And yet, this police officer, as well as the others who had contact with Mohamud, has kept his job. This is a prime example of the blasé attitude of a police force that is institutionally racist and sees Black people as second-class citizens. South Wales police doesn’t even consider Mohamud’s death as serious enough to suspend those who are suspected of being responsible.

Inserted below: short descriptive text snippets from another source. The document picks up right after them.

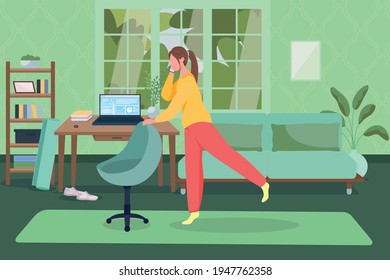 Home office flat color vector illustration. Chair yoga. Aerobics and physical activity during work. Workplace workout. Freelancer talk on phone 2D cartoon character with green interior on background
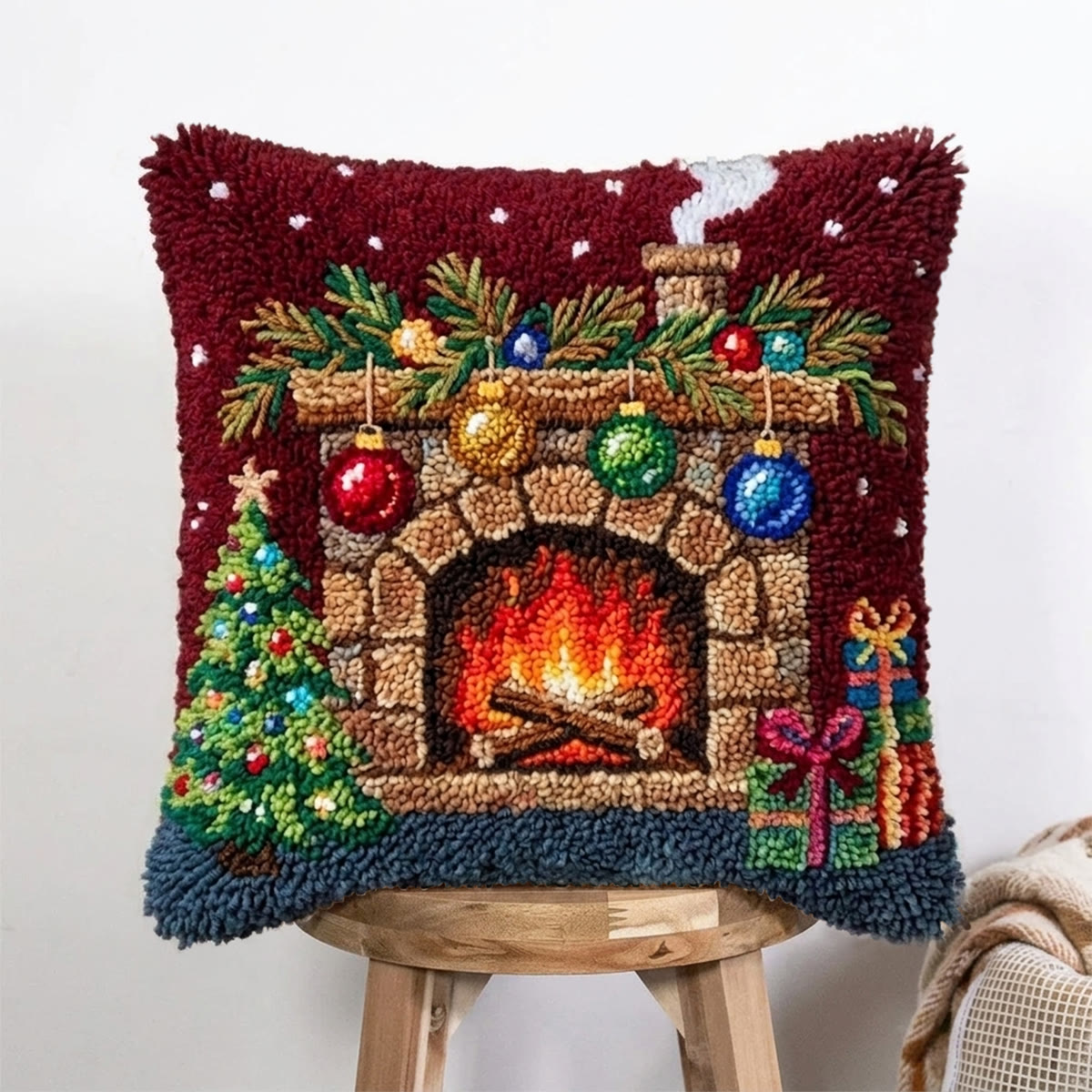 Rubbyoo Latch Hook Pillow Kit - Christmas Fireplace | Thoughtful Housewarming Gift | Christmas Party Home Decor - image 4
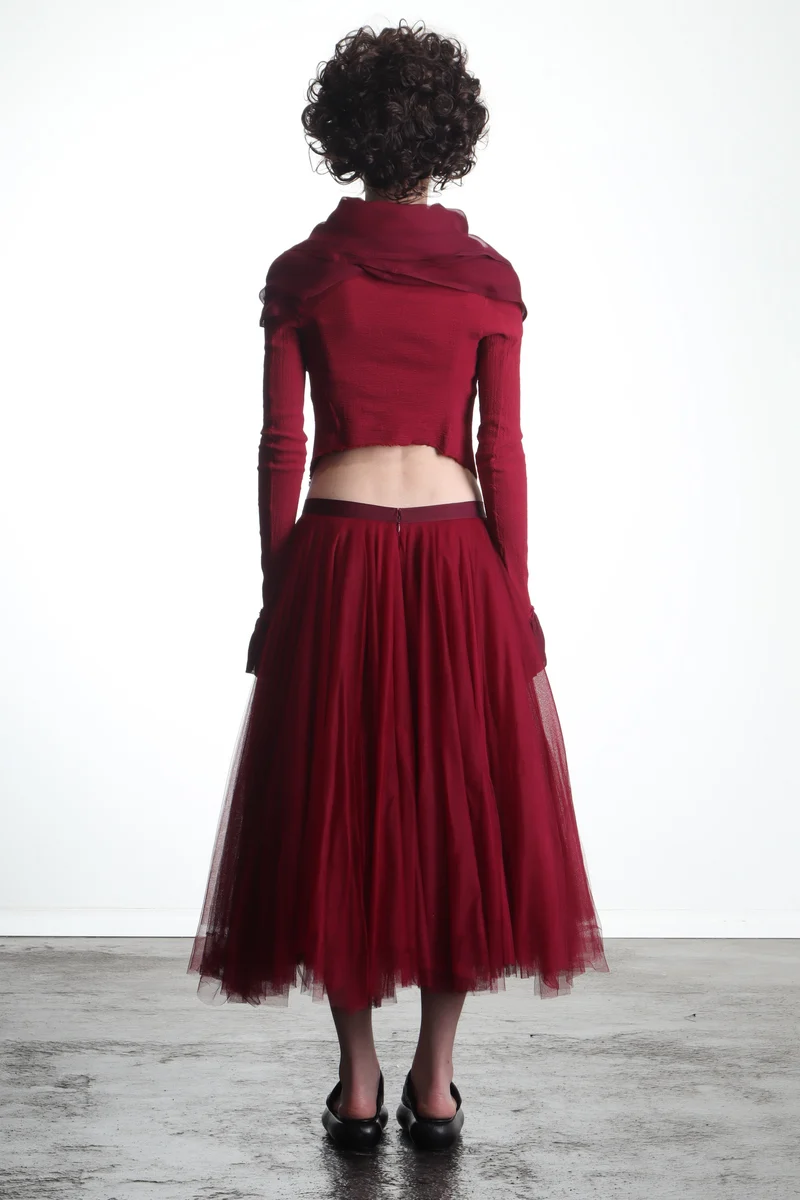 Marc Le Bihan Damen Avantgarde Jacke im Layering-Look rot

Can you imagine the public outrage over this if Mohamud had been a white person?
Lee Jasper, spokesperson for the campaign to get justice for Mohamud, argued:
In no other profession can you be under investigation for suspicion of causing death and remain at work.
It doesn’t bear thinking about that those who are responsible for inflicting the brutal violence on Mohamud that might have led to his death, are still free to ‘police’ others in a similar way.
Release the bodycam footage
It’s disgusting that one year on, Mohamud’s family are still campaigning for the release of the police’s bodycam footage. This begs the vital question, what is South Wales Police hiding? Mohamud’s family has stated:
The Police and the IOPC [Independent Office for Police Conduct] have conspired to cover up, obscure, frustrate, delay and dispute our search for the truth.
The family continued:
most families who suffer a death in custody are routinely denied access to this footage because the IOPC wishes to dampen down public outrage whilst the police, we believe, use these body cam videos to construct a plausible legal defence.
Had the footage of Mohamud’s last moments been released to us, then we would have been spared the slow torturous agony of consistently speculating day by day on precisely what happened to him that awful night.
Defund the police
According to Inquest, in England and Wales there have been 1,803 deaths either in police custody, or following contact with the police, since 1990.
The organisation says:
people with Black, Asian and Minoritised Ethnicities (BAME) die disproportionately as a result of use of force or restraint by the police, raising serious questions of institutional racism as a contributory factor in their deaths.
Black people have always known that the police aren’t here to protect the people. But those of us who are white are brainwashed from a very early age to believe that the police are there to do exactly that. As white people, we can never know what it is like to be singled out, stopped and searched, arrested, or even murdered, primarily because of the colour of our skin.
But there is some hope. 2021 saw greater calls from both BAME people and white people to defund the police. We are coming together to question the police’s role in society, and why they wield the complete power to brutalise the public, which has no right to defend itself. Whether it be the police officers responsible for the death of Mohamud Hassan, the Met police officer who murdered Sarah Everard, or the disgusting police officers who took selfies of themselves next to the bodies of murdered women Bibaa Henry and Nicole Smallman, we are, as a society, finally waking up to the brutality of the police. We are scrutinising the police’s role full-stop, questioning whether that role is even necessary, and talking about alternatives.
This spring will see the passing of the new police bill, which will give the police terrifying new powers. Once enacted, we are likely to see the police using greater violence, safe in the knowledge that the law is there to protect them. This will, of course, disproportionately affect Black and Traveller communities the most. The government will introduce Serious Violence Reduction Orders, giving police significantly more power to stop and search people on the street. Statistics from 2019 showed that Black people were 9.7 times more likely than white people to be stopped and searched. Meanwhile, the way of life of Travellers will effectively become unlawful.
Mohamud’s case is, sadly, not an exceptional case but an example of the systematic rot that exists across UK police forces. But it highlights exactly why the police don’t need more powers.
15 January will see a National Day of Action to protest the bill as it passes through the Lords. Once more, it is time to show up in numbers to stop this racist and classist bill before it’s too late.